Congestion Charge sign in London

Does your organization understand the real costs of the congestion suffered by your IT services? Effective management and avoidance of congestion can deliver better service and reduced costs, but some solutions can be tough to sell to customers.

The Externalities of Congestion

In 2009, transport analyst and activist Charles Komanoff published, in an astonishingly detailed spreadsheet, his Balanced Transportation Analysis for New York City.  His aim was to explore the negative external costs caused by the vehicular traffic trying to squeeze into the most congested parts of the city each day.

His conclusion? In the busiest time periods, each car entering the business district generates congestion costs of over $150.

Graph showing Congestion Costs outlined in Komanoff's Balanced Transportation Analysis
Congestion Costs outlined in Komanoff’s Balanced Transportation Analysis

Komanoff’s spreadsheet can be downloaded directly here. Please be warned: it’s a beast – over three megabytes of extremely complex and intricate analysis. Reuters write Felix Salmon succinctly stated that “you really need Komanoff himself to walk you through it“.
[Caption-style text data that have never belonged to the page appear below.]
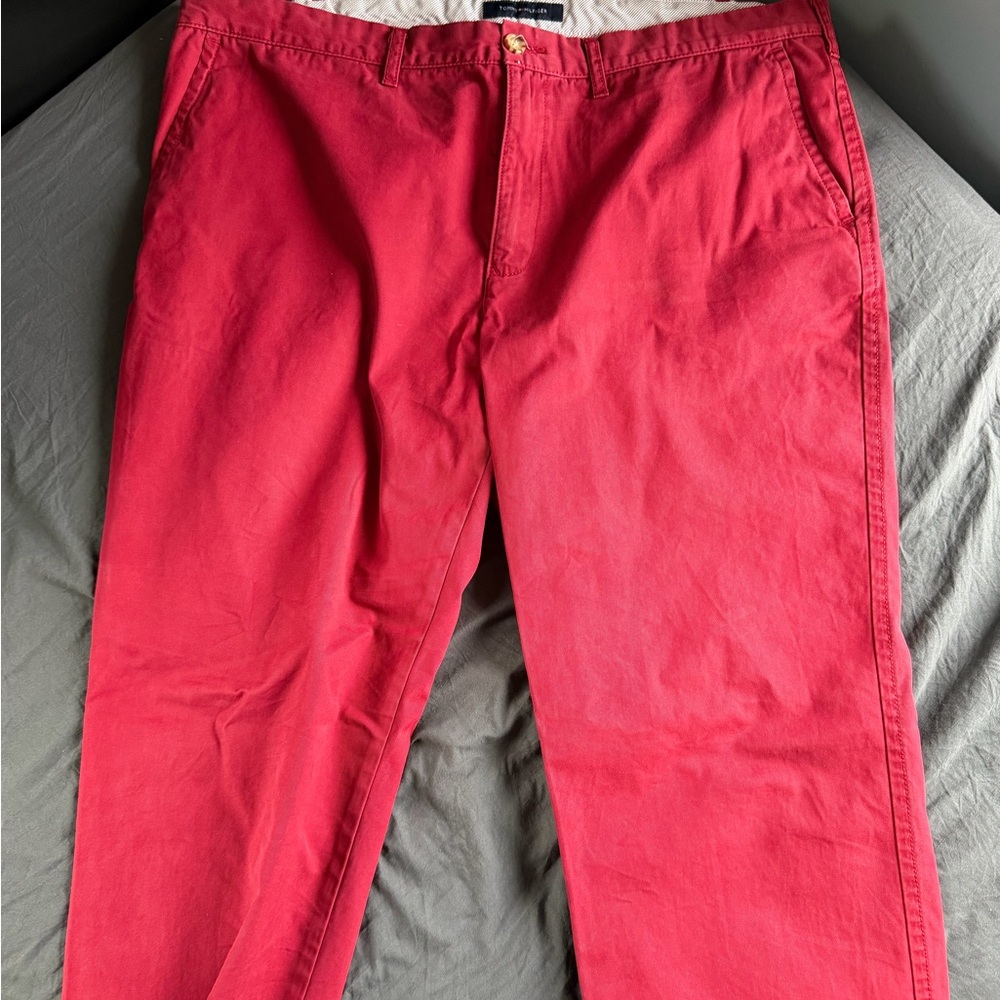 Tommy Hilfiger Cherry Red Slim Chinos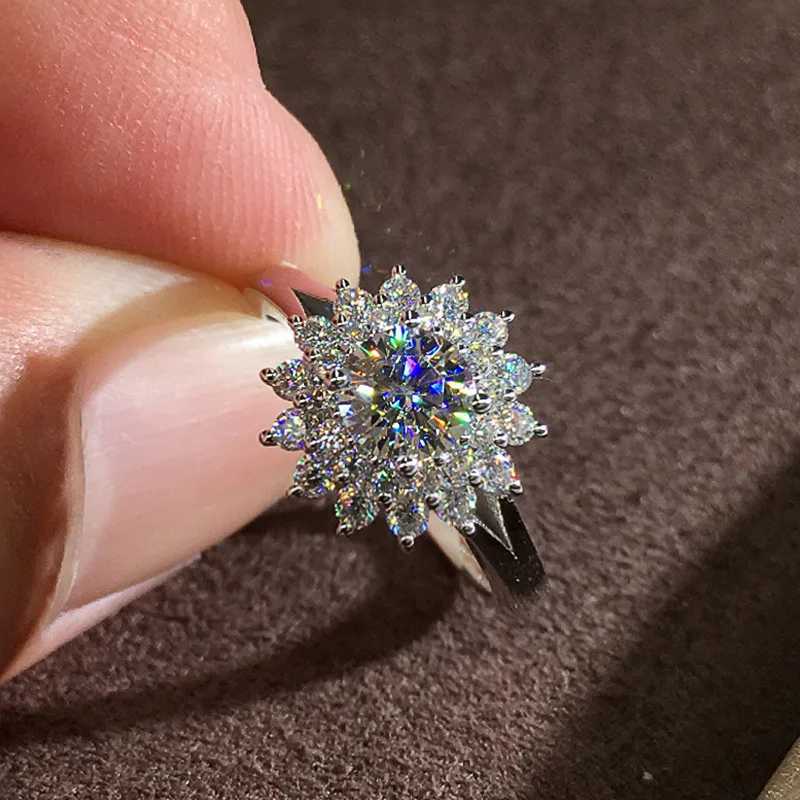 925 Sterling Silver Flower Rings For Woman AAA Cubic Zirconia Couple Zircon Wedding Rings Jewelry GiftsXJ250514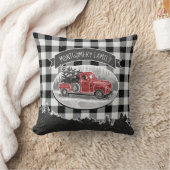 クリスマスヴィンテージトラックホワイトブラックバッファローチェック クッション (ブランケット)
Komanoff’s work drills into the effect of each vehicle moving into the Manhattan business district at different times of day, analyzing the cascading impact of each vehicle on the other occupants of the city.  The specific delays caused by any given car on any other given vehicle is probably tiny, but the cumulative effect is huge.

The Externalities of Congested IT Services

Komanoff’s city analysis models the financial impact of a delay to each vehicle, such as commercial vehicles, carring several paid professionals, travelling to fulfil charged-for business services.  With uncontrolled access to the city, there is no consideration of the “value” of each journey, and thus high-value traffic (perhaps a delivery of expensive retail goods to an out-of-stock outlet) gets no prioritization over any lower value journey.

Congested access to IT resources, such as the Service Desk, has equivalent effects.  Imagine a retail unit losing its point-of-sale systems on the Monday morning that a HQ staff return from their Christmas vacation.  The shop manager’s frantic call may find itself queued behind dozens of forgotten passwords.  Ten minutes of lost shop business will probably cost far more than a ten minute delay in unlocking user accounts.

That’s not to say that each password reset isn’t important.  But in a congested situation, each caller is impacted by, and impacts, the other people calling in at the same time.

The dynamics and theory of demand management in call centers have been extensively studied and can be extremely complex (a google search reveals plentiful studies, often with complex and deep mathematical analysis. This is a by no means the most example!).

Fortunately, we can illustrate the effects of congestion with a relatively simple model.

Our example has the following components:

  • Four incoming call lines, each manned by an agent
  • A group of fifteen customers, dialling-in at or after 9am, with incidents which each take 4 minutes for the agent to resolve.
  • Calls arriving at discrete 2-minute intervals (this is the main simplification, but for the purposes of this model, it suffices!)
  • A call queuing system which can line up unanswered calls.

When three of our customers call in each 2-minute period, we quickly start to build up a backlog of calls:

Congestion at the Service Desk - a table models the impact of too many customers arriving in each unit of time.
With three calls arriving at the start of each two-minute interval, a queue quickly builds.

We’ve got through the callers in a relatively short time (everything is resolved by 09:16). However, that has come at a price: 30 customer-minutes of waiting time.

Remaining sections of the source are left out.